[EXTRACTED RECORDS Boundary: Start]
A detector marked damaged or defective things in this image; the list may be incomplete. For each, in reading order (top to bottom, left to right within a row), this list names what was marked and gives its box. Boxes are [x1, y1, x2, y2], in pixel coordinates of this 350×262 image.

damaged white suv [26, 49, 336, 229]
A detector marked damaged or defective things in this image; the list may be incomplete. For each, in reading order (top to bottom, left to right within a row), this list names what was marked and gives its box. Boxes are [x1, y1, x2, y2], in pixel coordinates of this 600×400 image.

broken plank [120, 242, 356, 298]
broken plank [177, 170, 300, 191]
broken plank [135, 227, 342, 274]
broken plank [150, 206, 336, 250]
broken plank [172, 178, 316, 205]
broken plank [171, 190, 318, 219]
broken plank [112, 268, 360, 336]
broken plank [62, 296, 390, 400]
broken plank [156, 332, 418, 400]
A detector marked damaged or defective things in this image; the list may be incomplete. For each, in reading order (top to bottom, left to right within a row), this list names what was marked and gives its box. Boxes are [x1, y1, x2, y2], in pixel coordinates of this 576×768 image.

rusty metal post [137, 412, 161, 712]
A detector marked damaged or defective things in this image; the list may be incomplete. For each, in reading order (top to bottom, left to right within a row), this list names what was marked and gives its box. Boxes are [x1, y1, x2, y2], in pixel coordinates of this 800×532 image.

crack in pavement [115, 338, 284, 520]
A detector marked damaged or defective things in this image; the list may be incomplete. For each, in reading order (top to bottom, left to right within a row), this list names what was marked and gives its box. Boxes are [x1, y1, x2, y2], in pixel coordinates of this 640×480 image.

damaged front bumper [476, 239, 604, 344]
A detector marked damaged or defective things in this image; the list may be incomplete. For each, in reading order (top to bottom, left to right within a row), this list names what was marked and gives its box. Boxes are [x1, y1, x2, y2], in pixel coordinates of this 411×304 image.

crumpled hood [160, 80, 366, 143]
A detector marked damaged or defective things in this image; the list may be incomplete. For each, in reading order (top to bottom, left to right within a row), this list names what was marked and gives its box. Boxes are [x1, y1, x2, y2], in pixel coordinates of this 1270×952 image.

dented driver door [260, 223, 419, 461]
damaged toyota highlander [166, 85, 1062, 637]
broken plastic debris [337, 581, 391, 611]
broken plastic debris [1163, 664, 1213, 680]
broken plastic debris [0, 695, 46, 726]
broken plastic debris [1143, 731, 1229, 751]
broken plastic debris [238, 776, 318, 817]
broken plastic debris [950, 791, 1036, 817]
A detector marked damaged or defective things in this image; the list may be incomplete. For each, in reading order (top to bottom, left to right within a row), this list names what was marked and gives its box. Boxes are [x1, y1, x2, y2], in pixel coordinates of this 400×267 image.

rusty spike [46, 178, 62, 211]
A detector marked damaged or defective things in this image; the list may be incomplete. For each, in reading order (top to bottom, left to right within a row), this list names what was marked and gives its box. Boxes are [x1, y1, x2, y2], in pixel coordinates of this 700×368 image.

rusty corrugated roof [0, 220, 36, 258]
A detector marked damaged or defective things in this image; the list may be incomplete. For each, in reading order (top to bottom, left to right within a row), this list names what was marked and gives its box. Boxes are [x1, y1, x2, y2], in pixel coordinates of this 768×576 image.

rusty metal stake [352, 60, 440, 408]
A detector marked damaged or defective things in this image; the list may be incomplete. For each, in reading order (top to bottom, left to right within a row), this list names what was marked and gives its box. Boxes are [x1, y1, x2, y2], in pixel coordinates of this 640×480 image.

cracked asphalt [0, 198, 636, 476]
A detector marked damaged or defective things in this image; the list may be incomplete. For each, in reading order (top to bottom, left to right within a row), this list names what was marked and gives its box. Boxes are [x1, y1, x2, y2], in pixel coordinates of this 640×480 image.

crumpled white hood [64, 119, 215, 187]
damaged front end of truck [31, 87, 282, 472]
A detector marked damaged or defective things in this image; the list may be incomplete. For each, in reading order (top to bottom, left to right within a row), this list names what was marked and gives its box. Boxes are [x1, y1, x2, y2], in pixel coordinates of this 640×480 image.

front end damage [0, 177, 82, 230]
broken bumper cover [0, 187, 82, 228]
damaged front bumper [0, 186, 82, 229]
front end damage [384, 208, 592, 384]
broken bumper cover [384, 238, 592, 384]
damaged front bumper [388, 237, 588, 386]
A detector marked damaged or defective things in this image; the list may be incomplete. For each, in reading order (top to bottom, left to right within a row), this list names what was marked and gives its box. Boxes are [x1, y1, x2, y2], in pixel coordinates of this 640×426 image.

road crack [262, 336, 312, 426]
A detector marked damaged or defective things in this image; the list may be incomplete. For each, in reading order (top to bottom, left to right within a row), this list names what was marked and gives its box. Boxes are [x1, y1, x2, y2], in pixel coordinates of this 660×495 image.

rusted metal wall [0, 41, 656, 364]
[EXTRACTED RECORDS Boundary: End]
WHAT YOU ARE ASKED TO DO
Whatever appears in the material must be set down again, word for word.

ANSWER BOX
A detector marked damaged or defective things in this image; the list may be incomplete. For each, in reading order (top to bottom, left to right within a row), this list names what was marked and gives its box. Boxes are [x1, y1, x2, y2], in pixel coordinates of this 350×262 image.

damaged white suv [26, 49, 336, 229]
A detector marked damaged or defective things in this image; the list may be incomplete. For each, in reading order (top to bottom, left to right within a row), this list names what was marked and gives its box. Boxes are [x1, y1, x2, y2], in pixel coordinates of this 600×400 image.

broken plank [120, 242, 356, 298]
broken plank [177, 170, 300, 191]
broken plank [135, 227, 342, 274]
broken plank [150, 206, 336, 250]
broken plank [172, 178, 316, 205]
broken plank [171, 190, 318, 219]
broken plank [112, 268, 360, 336]
broken plank [62, 296, 390, 400]
broken plank [156, 332, 418, 400]
A detector marked damaged or defective things in this image; the list may be incomplete. For each, in reading order (top to bottom, left to right within a row), this list names what was marked and gives its box. Boxes are [x1, y1, x2, y2], in pixel coordinates of this 576×768 image.

rusty metal post [137, 412, 161, 712]
A detector marked damaged or defective things in this image; the list may be incomplete. For each, in reading order (top to bottom, left to right within a row), this list names what was marked and gives its box. Boxes are [x1, y1, x2, y2], in pixel coordinates of this 800×532 image.

crack in pavement [115, 338, 284, 520]
A detector marked damaged or defective things in this image; the list may be incomplete. For each, in reading order (top to bottom, left to right within a row), this list names what was marked and gives its box. Boxes are [x1, y1, x2, y2], in pixel coordinates of this 640×480 image.

damaged front bumper [476, 239, 604, 344]
A detector marked damaged or defective things in this image; the list may be incomplete. For each, in reading order (top to bottom, left to right within a row), this list names what was marked and gives its box. Boxes are [x1, y1, x2, y2], in pixel coordinates of this 411×304 image.

crumpled hood [160, 80, 366, 143]
A detector marked damaged or defective things in this image; the list may be incomplete. For each, in reading order (top to bottom, left to right within a row), this list names what was marked and gives its box. Boxes are [x1, y1, x2, y2], in pixel coordinates of this 1270×952 image.

dented driver door [260, 223, 419, 461]
damaged toyota highlander [166, 85, 1062, 637]
broken plastic debris [337, 581, 391, 611]
broken plastic debris [1163, 664, 1213, 680]
broken plastic debris [0, 695, 46, 726]
broken plastic debris [1143, 731, 1229, 751]
broken plastic debris [238, 776, 318, 817]
broken plastic debris [950, 791, 1036, 817]
A detector marked damaged or defective things in this image; the list may be incomplete. For each, in reading order (top to bottom, left to right within a row), this list names what was marked and gives its box. Boxes are [x1, y1, x2, y2], in pixel coordinates of this 400×267 image.

rusty spike [46, 178, 62, 211]
A detector marked damaged or defective things in this image; the list may be incomplete. For each, in reading order (top to bottom, left to right within a row), this list names what was marked and gives its box. Boxes are [x1, y1, x2, y2], in pixel coordinates of this 700×368 image.

rusty corrugated roof [0, 220, 36, 258]
A detector marked damaged or defective things in this image; the list may be incomplete. For each, in reading order (top to bottom, left to right within a row), this list names what was marked and gives its box. Boxes are [x1, y1, x2, y2], in pixel coordinates of this 768×576 image.

rusty metal stake [352, 60, 440, 408]
A detector marked damaged or defective things in this image; the list may be incomplete. For each, in reading order (top to bottom, left to right within a row), this list names what was marked and gives its box. Boxes are [x1, y1, x2, y2], in pixel coordinates of this 640×480 image.

cracked asphalt [0, 198, 636, 476]
A detector marked damaged or defective things in this image; the list may be incomplete. For each, in reading order (top to bottom, left to right within a row), this list names what was marked and gives its box. Boxes are [x1, y1, x2, y2], in pixel coordinates of this 640×480 image.

crumpled white hood [64, 119, 215, 187]
damaged front end of truck [31, 87, 282, 472]
A detector marked damaged or defective things in this image; the list may be incomplete. For each, in reading order (top to bottom, left to right within a row), this list names what was marked and gives its box. Boxes are [x1, y1, x2, y2], in pixel coordinates of this 640×480 image.

front end damage [0, 177, 82, 230]
broken bumper cover [0, 187, 82, 228]
damaged front bumper [0, 186, 82, 229]
front end damage [384, 208, 592, 384]
broken bumper cover [384, 238, 592, 384]
damaged front bumper [388, 237, 588, 386]
A detector marked damaged or defective things in this image; the list may be incomplete. For each, in reading order (top to bottom, left to right within a row), this list names what was marked and gives its box. Boxes are [x1, y1, x2, y2], in pixel coordinates of this 640×426 image.

road crack [262, 336, 312, 426]
A detector marked damaged or defective things in this image; the list may be incomplete. For each, in reading order (top to bottom, left to right within a row), this list names what was marked and gives its box. Boxes are [x1, y1, x2, y2], in pixel coordinates of this 660×495 image.

rusted metal wall [0, 41, 656, 364]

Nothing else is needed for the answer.